[Problem to work on] An exact copy of every record, without the pictures, is what should come back.

[Task material]
◆ ◆ ◆ ◆ ◆ ◆ ◆

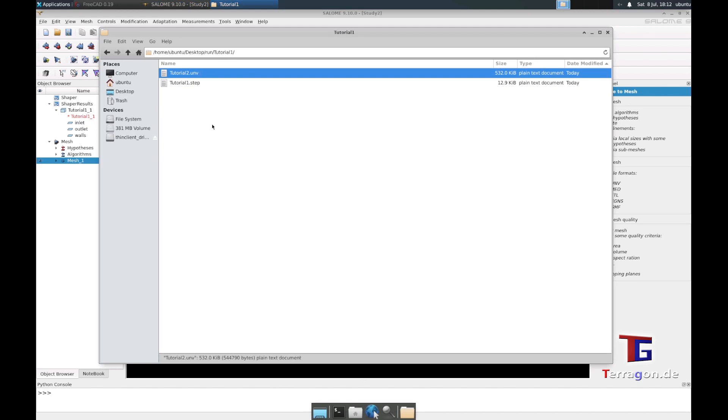Now we have in our case folder this UNV file, and in the next episode we will see how to convert this in OpenFOAM and work with it.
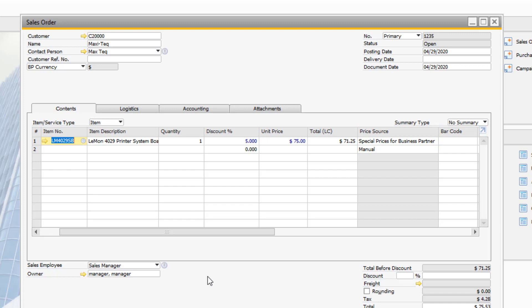In determining the price for an item, the system will first check for any blanket agreements. If it finds none, the system will then check if there are any special prices for the business partner.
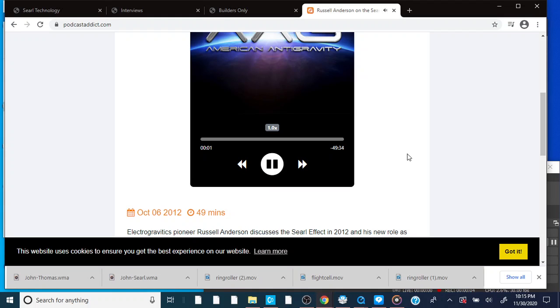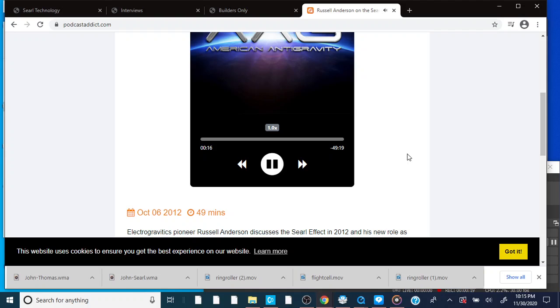I'm Tim Ventura from AmericanAntiGravity.com, and I'm joined today by Russell Anderson, who we've interviewed in the past. Russell has a lot of news to share with us, including the fact that he is now in charge of Searle Aerospace. Well, Russell, how are you doing? Oh, I'm doing great. How are you, Tim? I'm doing well.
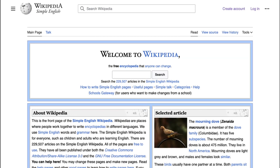And that is my talk on the Simple English Wikipedia. Thank you!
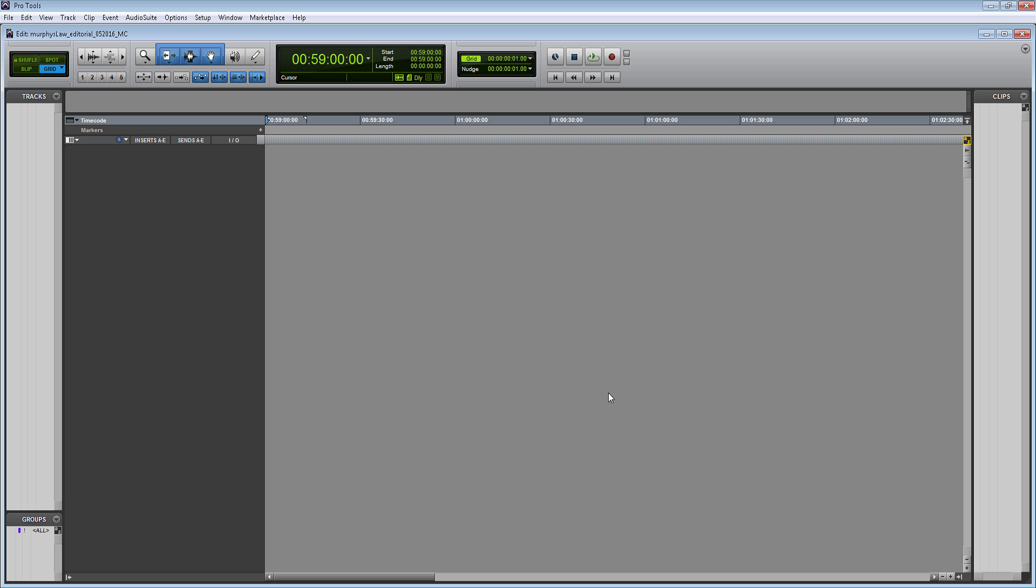With all the settings set up, we are now ready to begin the editorial process. Stay tuned for the next video where we actually start creating the tracks and then importing my files. Thanks for watching this video, and I'll see you soon.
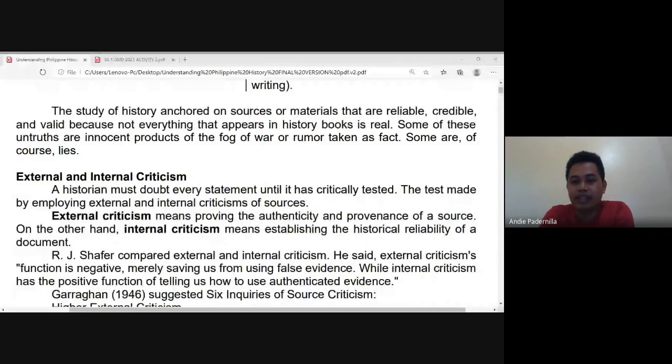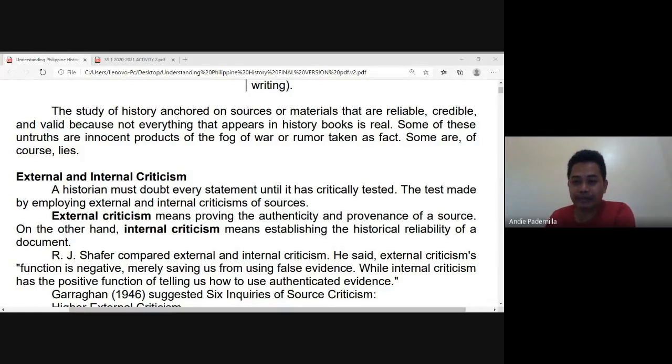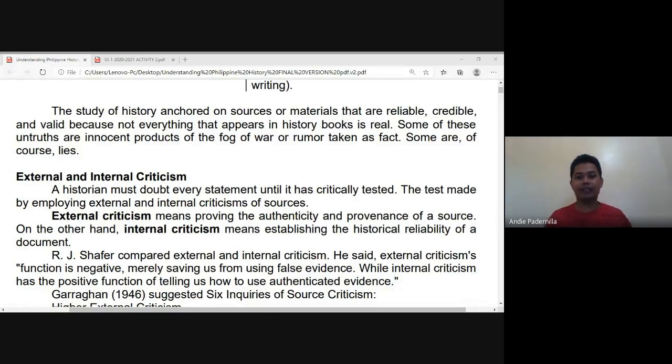This afternoon we are going to proceed with our discussion on external and internal criticisms, as well as the categories and repositories of primary sources. Last meeting we discussed the definition of history from different perspectives — the traditional definition, where history is the study of the past, and the contemporary definition, where history connects the past with the present as well as the future.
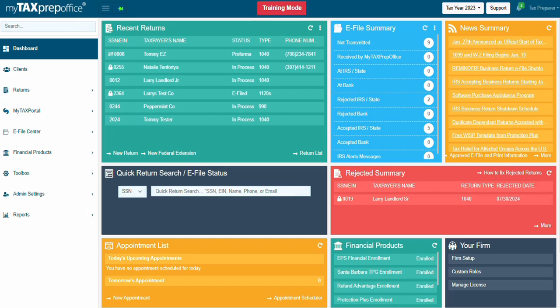Welcome to MyTaxPrep Office. In this video, you will learn how to use the MyTaxPortal. MyTaxPortal is a secure digital gateway between the tax professional and the client. It makes two-way communication quick and easy.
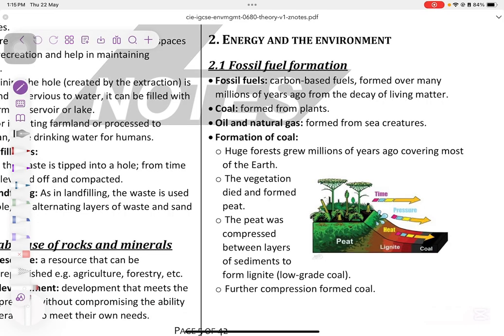Hello lovers, Dr. Maria Oz here. Today we're revising chapter 2, energy and the environment.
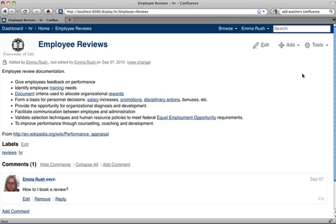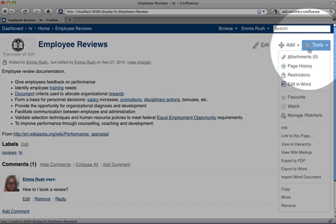To add another user as a watcher of a wiki page, go to the Tools menu and click the Manage Watchers link.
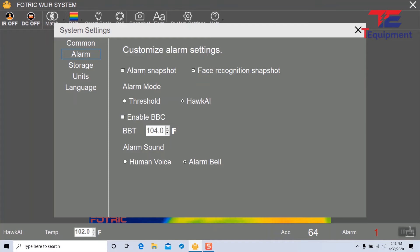The last part is the alarm sound. There are two options: the human voice you heard earlier and an alarm bell.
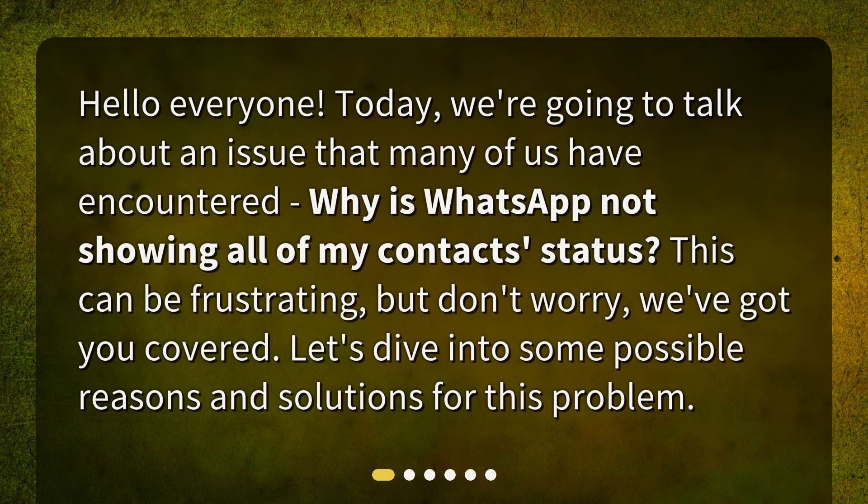Hello everyone. Today, we're going to talk about an issue that many of us have encountered: why is WhatsApp not showing all of my contact status? This can be frustrating, but don't worry, we've got you covered. Let's dive into some possible reasons and solutions for this problem.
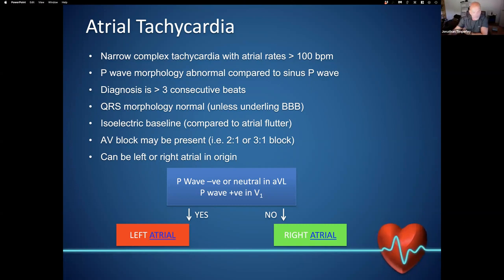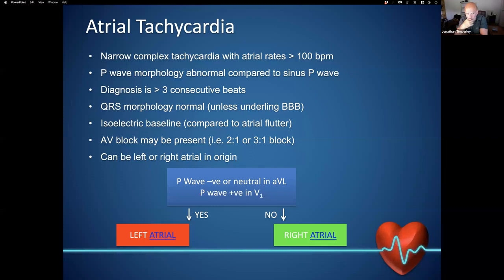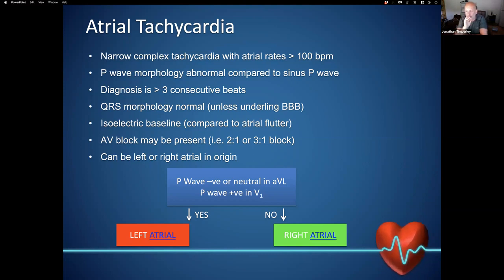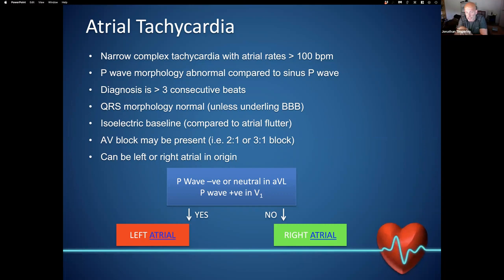Atrial tachycardias are a narrow complex tachycardia, by definition with rates over 100 beats per minute. The P wave morphology is very much determined by where in the atria the origin is. Diagnosis requires greater than three consecutive beats, and the QRS morphology should be normal unless there's an underlying bundle branch morphology. We expect an isoelectric baseline, compared to atrial flutter where we never have a true isoelectric line. Whereas with atrial tachycardia, there is an isoelectric line with a P wave morphology that occurs intermittently.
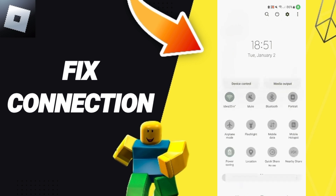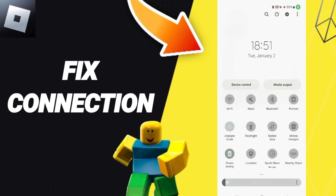In the end, you can turn on Airplane Mode and wait a moment — about three seconds — then turn off Airplane Mode again.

◆ ◆ ◆ ◆ ◆ ◆ ◆

[Reply]
Now we have in our case folder this UNV file, and in the next episode we will see how to convert this in OpenFOAM and work with it.
In determining the price for an item, the system will first check for any blanket agreements. If it finds none, the system will then check if there are any special prices for the business partner.
I'm Tim Ventura from AmericanAntiGravity.com, and I'm joined today by Russell Anderson, who we've interviewed in the past. Russell has a lot of news to share with us, including the fact that he is now in charge of Searle Aerospace. Well, Russell, how are you doing? Oh, I'm doing great. How are you, Tim? I'm doing well.
And that is my talk on the Simple English Wikipedia. Thank you!
With all the settings set up, we are now ready to begin the editorial process. Stay tuned for the next video where we actually start creating the tracks and then importing my files. Thanks for watching this video, and I'll see you soon.
This afternoon we are going to proceed with our discussion on external and internal criticisms, as well as the categories and repositories of primary sources. Last meeting we discussed the definition of history from different perspectives — the traditional definition, where history is the study of the past, and the contemporary definition, where history connects the past with the present as well as the future.
Welcome to MyTaxPrep Office. In this video, you will learn how to use the MyTaxPortal. MyTaxPortal is a secure digital gateway between the tax professional and the client. It makes two-way communication quick and easy.
Hello lovers, Dr. Maria Oz here. Today we're revising chapter 2, energy and the environment.
To add another user as a watcher of a wiki page, go to the Tools menu and click the Manage Watchers link.
The last part is the alarm sound. There are two options: the human voice you heard earlier and an alarm bell.
Hello everyone. Today, we're going to talk about an issue that many of us have encountered: why is WhatsApp not showing all of my contact status? This can be frustrating, but don't worry, we've got you covered. Let's dive into some possible reasons and solutions for this problem.
Atrial tachycardias are a narrow complex tachycardia, by definition with rates over 100 beats per minute. The P wave morphology is very much determined by where in the atria the origin is. Diagnosis requires greater than three consecutive beats, and the QRS morphology should be normal unless there's an underlying bundle branch morphology. We expect an isoelectric baseline, compared to atrial flutter where we never have a true isoelectric line. Whereas with atrial tachycardia, there is an isoelectric line with a P wave morphology that occurs intermittently.
In the end, you can turn on Airplane Mode and wait a moment — about three seconds — then turn off Airplane Mode again.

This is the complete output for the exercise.